Médiapart - 26 MAI 2014
PAR AMÉLIE POINSSOT
PAR AMÉLIE POINSSOT
C'est une victoire historique
pour la gauche radicale grecque, qui arrive en tête du scrutin
européen et arrache au PASOK la première région du pays. Si
Alexis Tsipras n'a pas réussi à fédérer au niveau européen, il
peut se satisfaire d'avoir réussi en Grèce où il se prépare
déjà pour les prochaines élections.
C'est une victoire historique. Pour la première fois
dimanche soir, la gauche radicale est arrivée en tête d'un
scrutin en Grèce.
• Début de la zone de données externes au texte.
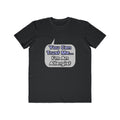 Trust Me .. I'm an Allergist - Men's Lightweight Fashion Tee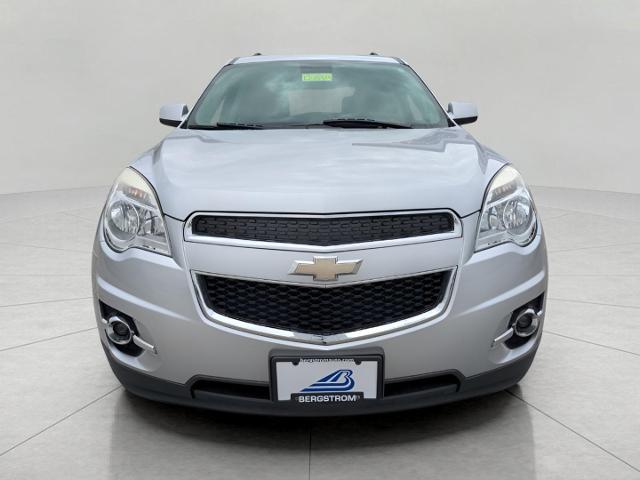 2014 Chevrolet Equinox Vehicle Photo in Green Bay, WI 54304
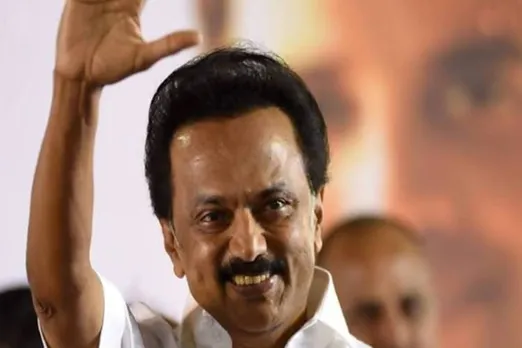 TN local body election : மா.கவுன்சில் தேர்தலில் 40 சதவீதம் வெற்றியை தாண்டிய திமுக: அதிமுக பின்னடைவு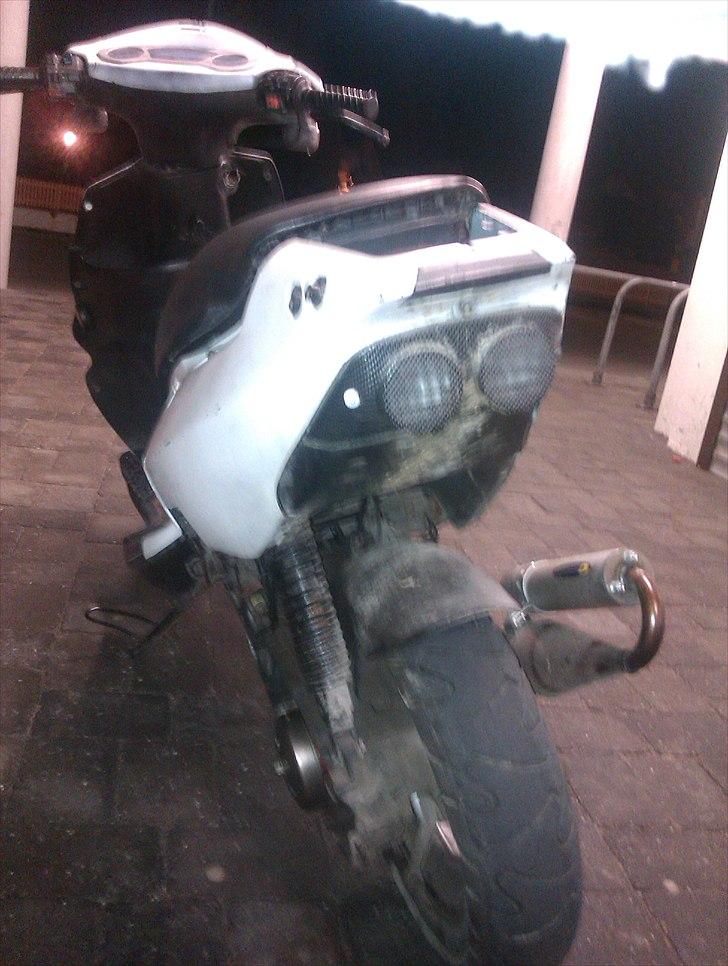 PGO dr big ( stjålet ) billede 5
Avec 26,57 %
des voix après le dépouillement de la quasi-totalité des
bulletins de vote, le Syriza devance, largement, les deux
partis qui gouvernaient le pays en alternance depuis la chute
des Colonels, en 1974 – et tous deux ensemble sous la forme
d'une coalition depuis fin 2011 : la droite conservatrice de
Nouvelle Démocratie est près de quatre points derrière, à
22,72 %, tandis que les socialistes du PASOK sont relégués à la
quatrième place, après les néonazis d'Aube Dorée.
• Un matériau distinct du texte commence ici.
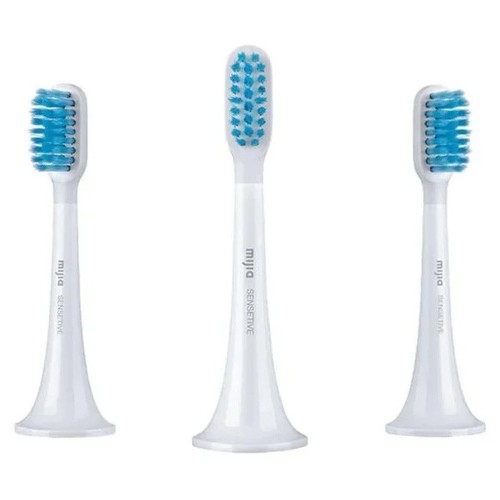 Насадка для электрической щетки Xiaomi Mi Electric Toothbrush head (Gum Care) (NUN4090GL) фото 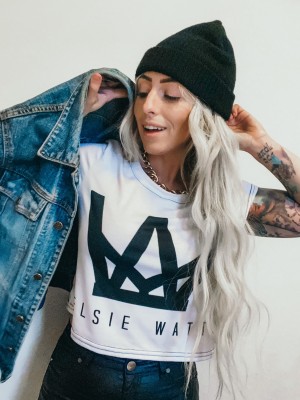 'Summertime Anthem' by Kelsie Watts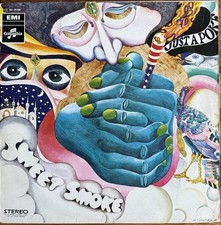 Sweet Smoke - Just A Poke - Vinyl LP 33T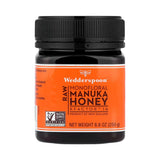 Wedderspoon, Raw Monofloral Manuka Honey, KFactor 16, 8.8 oz, 250 g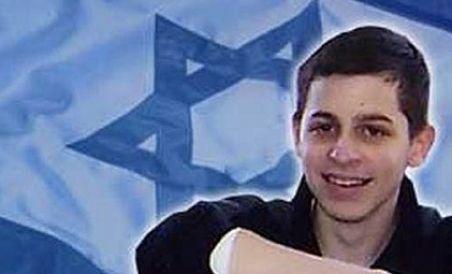 Israel, dispus să elibereze 1000 palestinieni în schimbul  soldatului răpit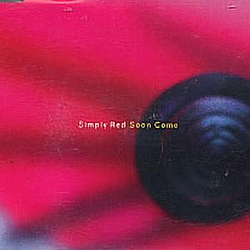 Simply Red - Soon Come альбом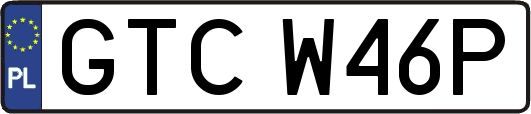GTCW46P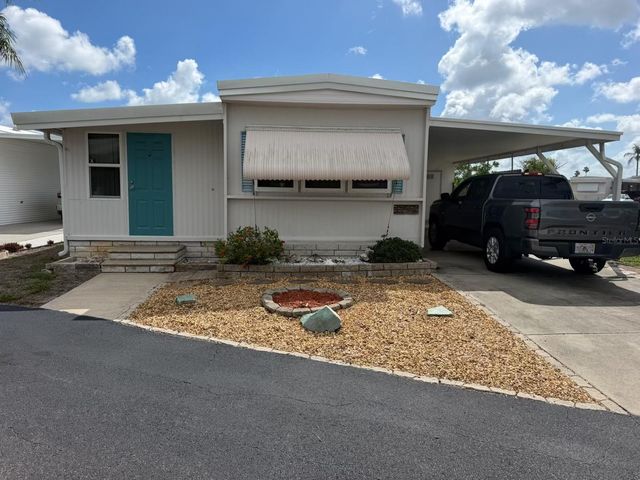 7234 MOUNT FAIRFIELD ROAD NE 529, St Petersburg, FL 33702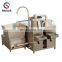 Safe Operation Soy Washing Machine and Soak Industry / Mung Bean Soak and Wash Machine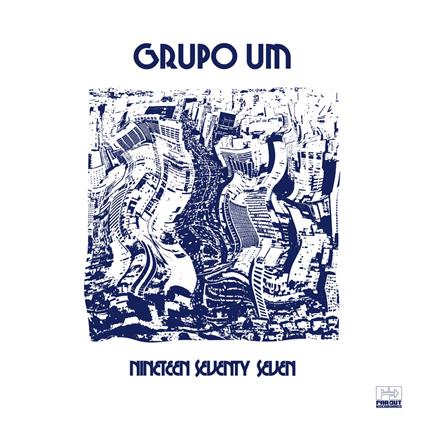 Nineteen Seventy Seven - CD Audio di Grupo Um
Le Syriza a donc confirmé son score des élections
législatives anticipées de 2012, lorsqu'il avait effectué sa
percée spectaculaire, obtenant déjà près de 27 % des voix et 71
sièges à la Vouli, le parlement grec. Mais, à la différence de
2012 où il était arrivé deuxième, laissant Nouvelle Démocratie
bénéficier de la prime à la majorité qui octroie en Grèce un
bonus de 50 députés au parlement, il creuse cette fois-ci
l'écart, et crée une nouvelle fois la surprise, tant les
enquêtes d'opinion, tout au long de la campagne, avaient donné
la droite conservatrice et la gauche radicale au coude à coude
sans anticiper une victoire aussi nette du parti d'Alexis
Tsipras. C'est donc à un complet renversement des forces
politiques grecques au parlement européen que l'on assiste : en
2009, le PASOK et Nouvelle Démocratie comptaient chacun 8 sièges
d'eurodéputés et cumulaient à eux deux 69 % des voix (contre
moins de la moitié ce dimanche) et le Syriza n'avait récolté que
4,7 % des voix et un siège d'eurodéputé – contre six sièges
cette fois-ci, selon les projections. Ce scrutin européen
conforte donc l'installation durable de Syriza dans le paysage
politique grec au niveau national, sur fond de désaveu massif
des politiques d'austérité mises en œuvre dans le pays depuis
quatre ans.
Mais il atteste aussi de l'ancrage de Syriza au niveau
local, alors qu'il y était traditionnellement moins implanté que
le PASOK ou le KKE, le parti communiste grec : dimanche, les
Grecs votaient également pour le second tour des régionales et
des municipales, et Rena Dourou, la candidate du Syriza à la
région de l'Attique, la région d'Athènes qui concentre près de
la moitié de la population du pays, a été élue tandis que le
candidat du Syriza à la mairie d'Athènes, Gabriel Sakellaridis,
un illustre inconnu avant la campagne, obtenait un score tout à
fait honorable face au maire sortant Yorgos Kaminis, une
personnalité pourtant relativement consensuelle, sans étiquette
politique (48,59 %). Ces deux poussées dans la métropole
athénienne et sa région mettent en évidence le travail de
terrain considérable mené par le Syriza depuis deux ans, à
travers notamment son soutien aux assemblées de quartier et à
tout un réseau de mouvements d'entraide, « Solidarité pour
tous » – des initiatives nées dans la foulée du mouvement des
Indignés qui avait éclos en Grèce un an plus tôt, et sur les
décombres d'une politique d'austérité dévastatrice depuis 2010.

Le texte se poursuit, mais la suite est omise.